= L(a =

Poem by E. E. Cummings

l(a

le

af

fa

ll

s)

one

l

iness
— —E. E. Cummings

"l(a" is a poem by E. E. Cummings. It is the first poem in his 1958 collection 95 Poems.

"l(a" is arranged vertically in groups of one to five letters. When the text is laid out horizontally, it either reads as l(a leaf falls)oneliness —in other words, a leaf falls inserted between the first two letters of loneliness- or l(a le af fa ll s) one l iness, with a le af fa ll s between a l and one.

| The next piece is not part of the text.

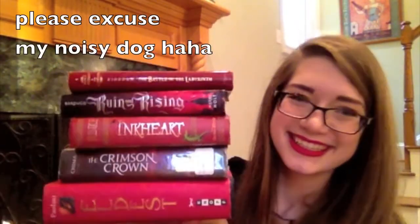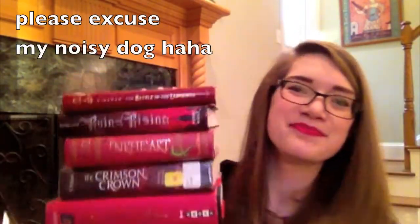Alright guys, that was my first Top 5 Wednesday and I am super excited to be participating in these. So these are my Top 5 red book covers, or Top 5 red books. Thank you guys so much for watching. If you've read any of these, let me know what you thought. If you have any recommendations for me, please let me know because I always love recommendations. If you have any questions about any of these books, feel free to ask. If you do Top 5 Wednesdays and you've done this video, I would love to see yours — you can link your video down in the comments below. Thank you so much, bye!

Cummings biographer Richard S. Kennedy calls the poem "the most delicately beautiful literary construct that Cummings ever created".

==Analysis==
In analyzing the poem, Robert DiYanni notes that the image of a single falling leaf is a common symbol for loneliness, and that this sense of loneliness is enhanced by the structure of the poem. He writes that the fragmentation of the words "illustrates visually the separation that is the primary cause of loneliness". The fragmentation of the word loneliness is especially significant, since it highlights the fact that that word contains the word one. In addition, the isolated letter l can initially appear to be the numeral one. It creates the effect that the leaf is still one, or "oneliness" whole within itself, even after it is isolated from the tree. Robert Scott Root-Bernstein observes that the overall shape of the poem resembles a 1.

==Adaptations==
Composers who have set this poem to music include:
- Matthew Peterson in "l(a leaf falls)oneliness" (2022) for SATB chorus a cappella.
- Peter Schickele in "Dim/l(a" (1967), for SATB chorus a cappella.
- Maurice Wright in "l(a" (1978), for SSA chorus, trumpet, violoncello and piano.
- Matthew DeFamio in "l(a", for horn and piano.